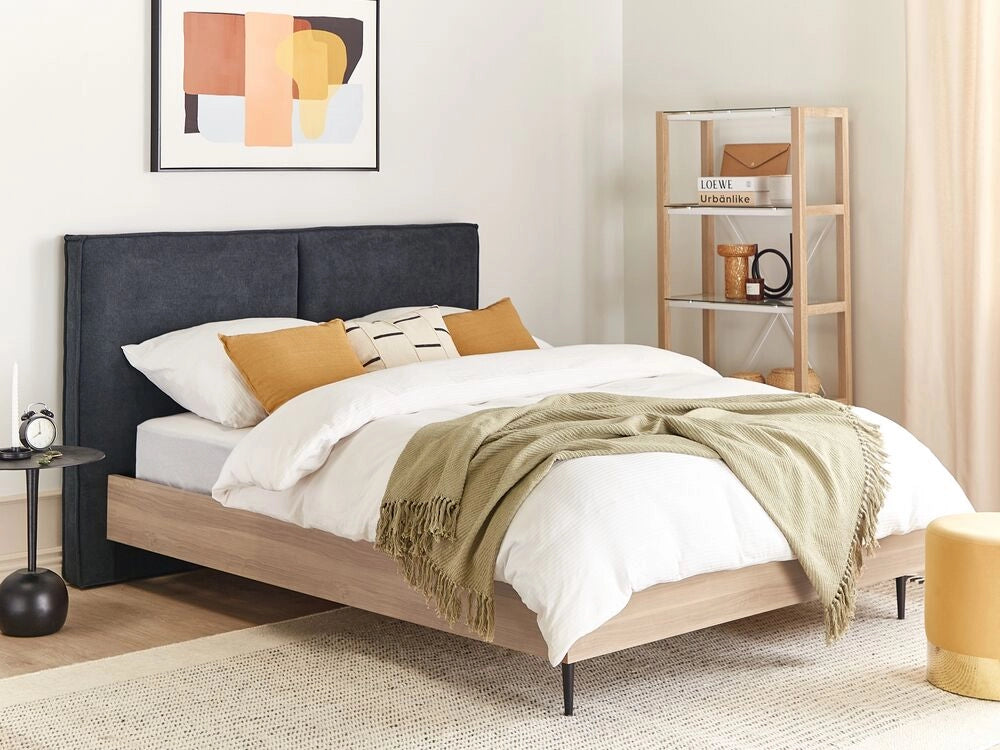 Telaio del letto grigio scuro in tessuto UE matrimoniale Dimensioni 140 x 200 cm Testiera imbottita Telaio in MDF Gambe in metallo Base a doghe in legno Camera da letto in stile moderno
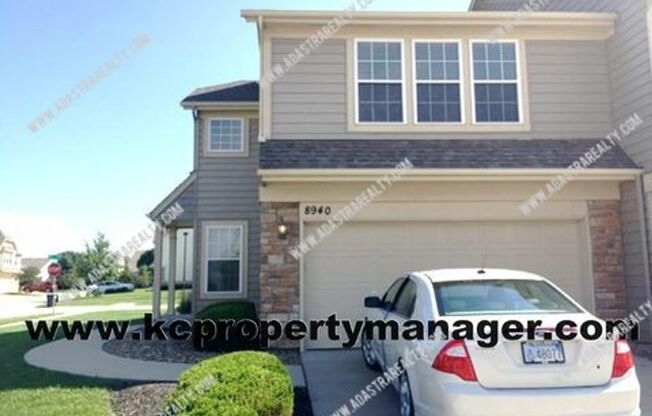 3 beds, 2.5 baths, $1,895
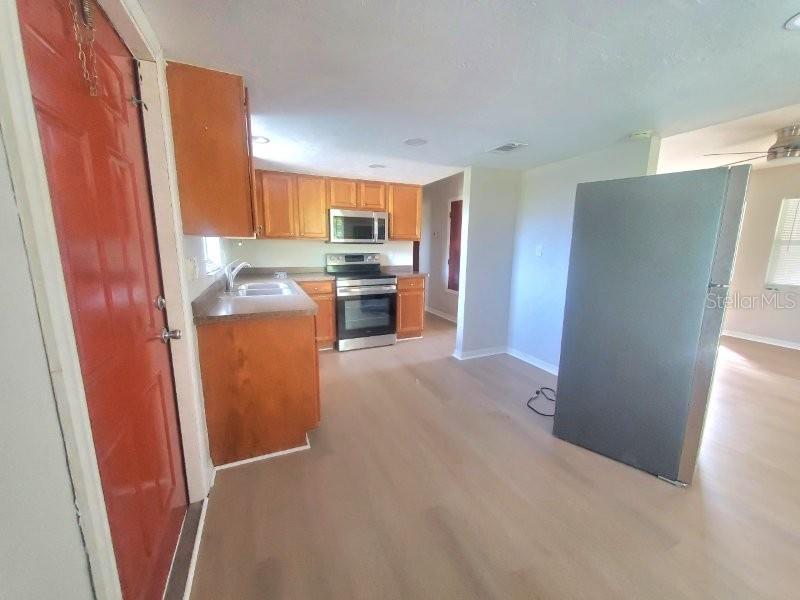 Image 17 of 25 For 4387 Sibley Bay Street S-b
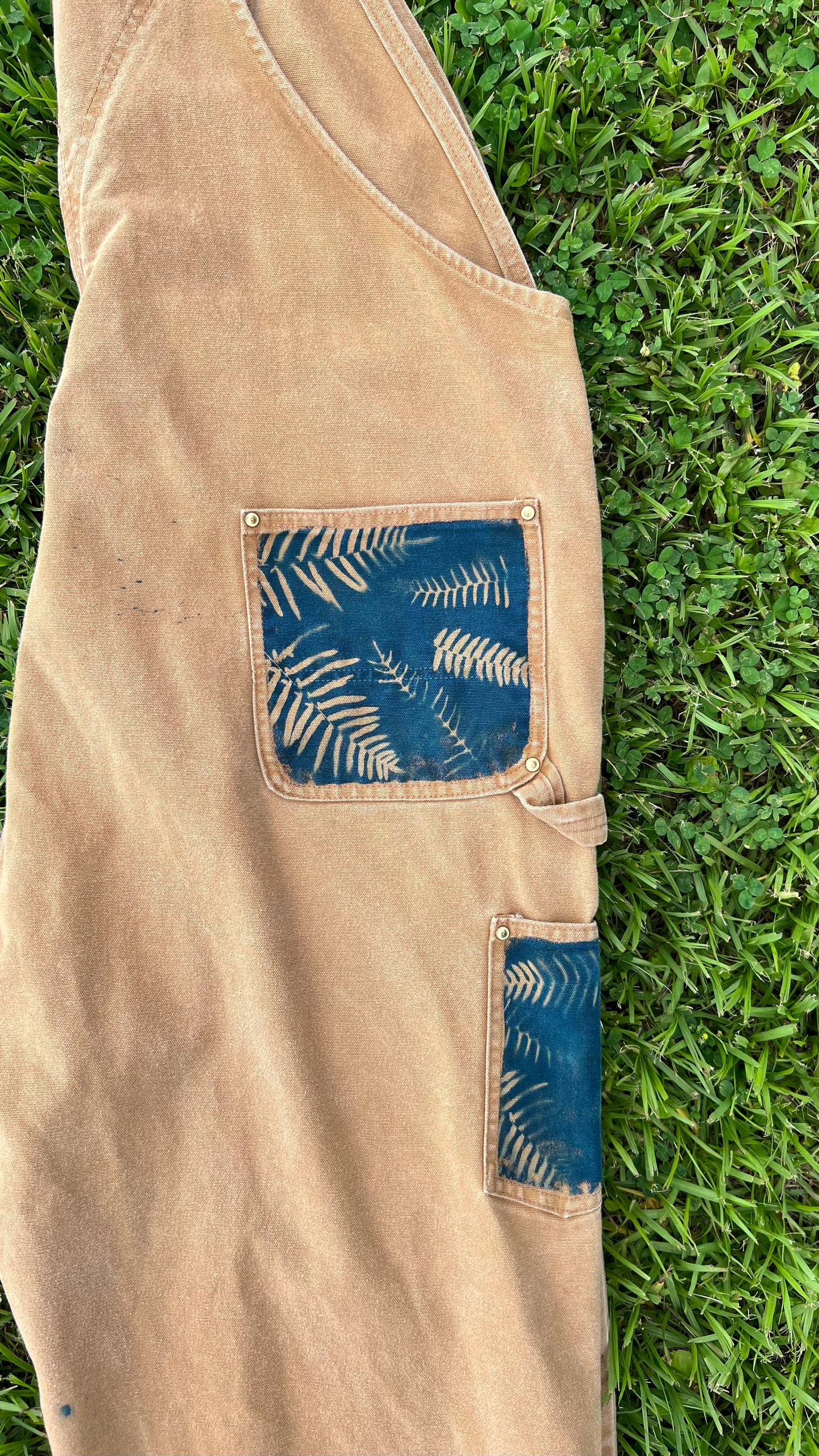 Carhartt Bib Overalls • 48x30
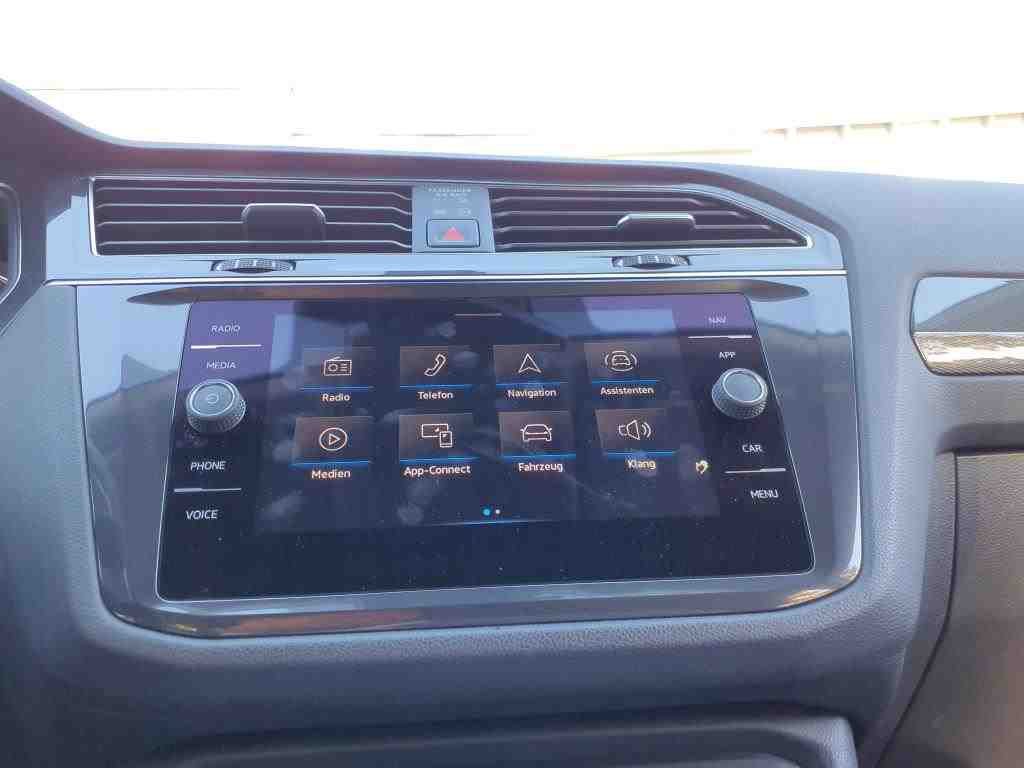 2017 Volkswagen Tiguan   AWD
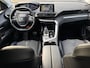 Peugeot 5008 1.2 PureTech Blue Lease Premium / Automaat / 7-Pers. / Trekhaak / Navi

-----

Task goal
Please output the entire listing above verbatim and omit its images.

Exercise result
 Telaio del letto grigio scuro in tessuto UE matrimoniale Dimensioni 140 x 200 cm Testiera imbottita Telaio in MDF Gambe in metallo Base a doghe in legno Camera da letto in stile moderno
 3 beds, 2.5 baths, $1,895
 Image 17 of 25 For 4387 Sibley Bay Street S-b
 Carhartt Bib Overalls • 48x30
 2017 Volkswagen Tiguan   AWD
 Peugeot 5008 1.2 PureTech Blue Lease Premium / Automaat / 7-Pers. / Trekhaak / Navi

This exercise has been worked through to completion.